For over a decade, the McMaster team has worked on optimizing a formulation of food-based ingredients that synergistically address five key aspects associated with aging: oxidative stress, insulin resistance, mitochondrial activity, inflammation, and cellular membrane integrity. Results from research with mice and insects obtained remarkable results. Both insects and mice given the formula had significantly increased longevity (27% in a mouse model of accelerated aging(2)) and mice also maintained youthful levels of learning(3), physical activity and appearance into advanced old age(4). In fact, increases in mouse “healthspan” meant that animals remained youthful for a greater proportion of their lives.

“The formulation has years of science behind it,” said Joe Castaldi, VP Bioverity. “We plan on working with the McMaster team to pursue the full potential of the formula.”

This license agreement enables BioVerity Inc. to quickly move forward with the global commercialization of the complex dietary formula under the brand name BioVerity. Although the formulation consists of compounds known and tested to be safe for human consumption, the company is in the process of raising capital to complete human clinical trials to further validate these health claims in the coming months. Bioverity has been in discussions with several groups to establish an initial U.S. test market, with a subsequent rollout in both Canada and the United States.

BioVerity Inc. was established in 2013 to commercialize McMaster’s evidence-based scientific learning and intellectual property on complex dietary supplements. The company is based in Toronto and is led by: Max Carbone, CEO, Joseph Castaldi, VP, and Dr. Nicholas Rupcich, Chief Science Officer.

To contact BioVerity Inc. please call 1-800-382-1959.
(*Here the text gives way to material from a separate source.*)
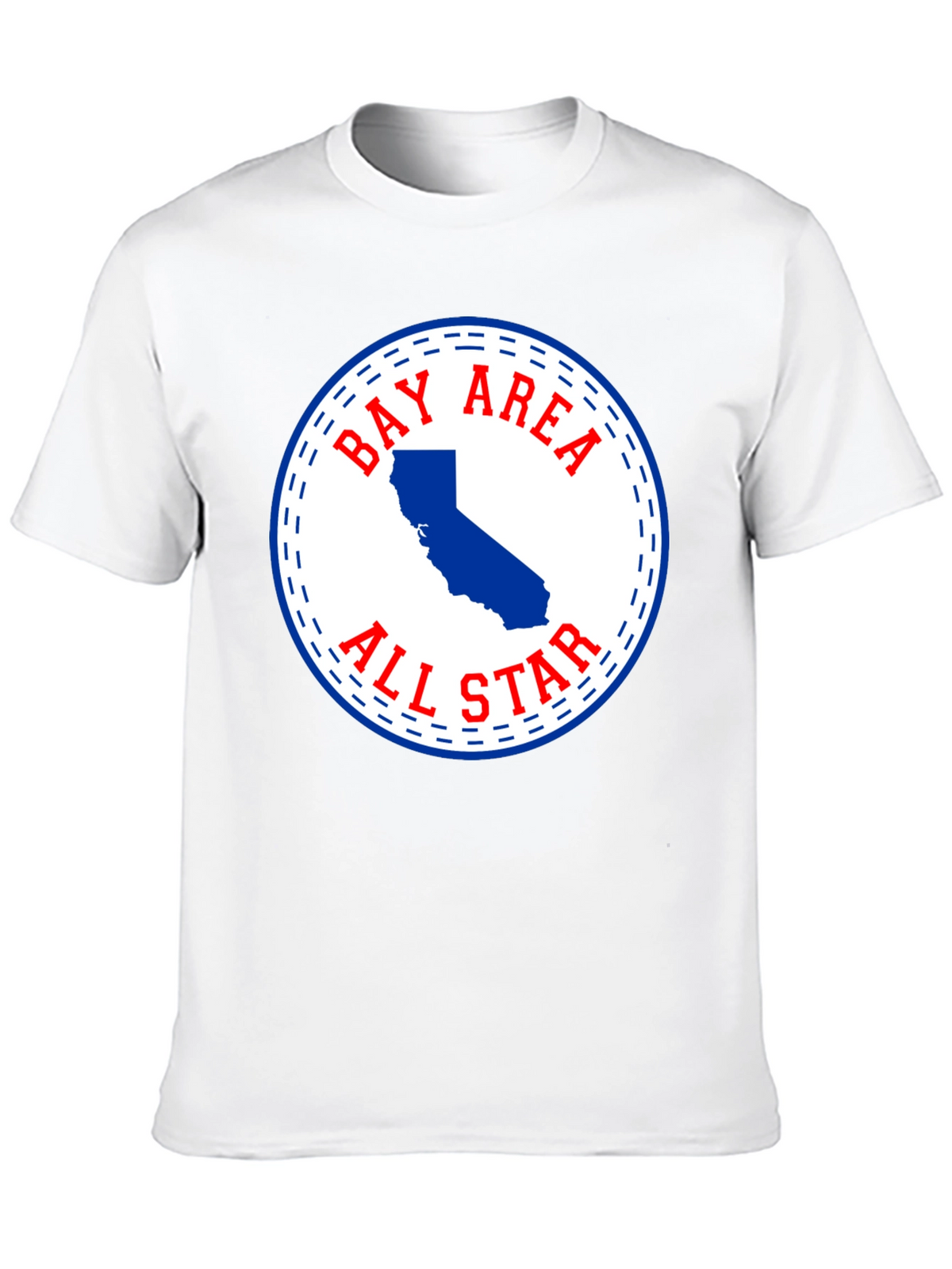 Bay Area All Star California T-Shirt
(1) CBC News. Aging slowed in mice with supplement mix. 2 January 2012.
(2) Lyn J, Aksenov V, LeBlanc Z, and Rollo CD.* 2012. Life history features and aging rates: Insights from intra-specific patterns in the cricket Acheta domesticus. Evol. Biol. 39: 371-387. (IF: 3.61)
(3) Aksenov V, Khanna P, Long J, Liu J, Szechtman H, Matravadia S, Rollo CD.* 2012. A complex dietary supplement improves spatial learning, increases brain size and improves mitochondrial activity in aging mice. AGE: DOI: 10.1007/s11357-011-9325-2 (Impact Factor (IF): 6.28.
(4) Lemon, J.A., Boreham, D.R., Rollo, C.D. 2003. A dietary supplement abolishes age-related cognitive decline in transgenic mice expressing elevated free radical processes. Exp. Biol. Med. 228:800-810.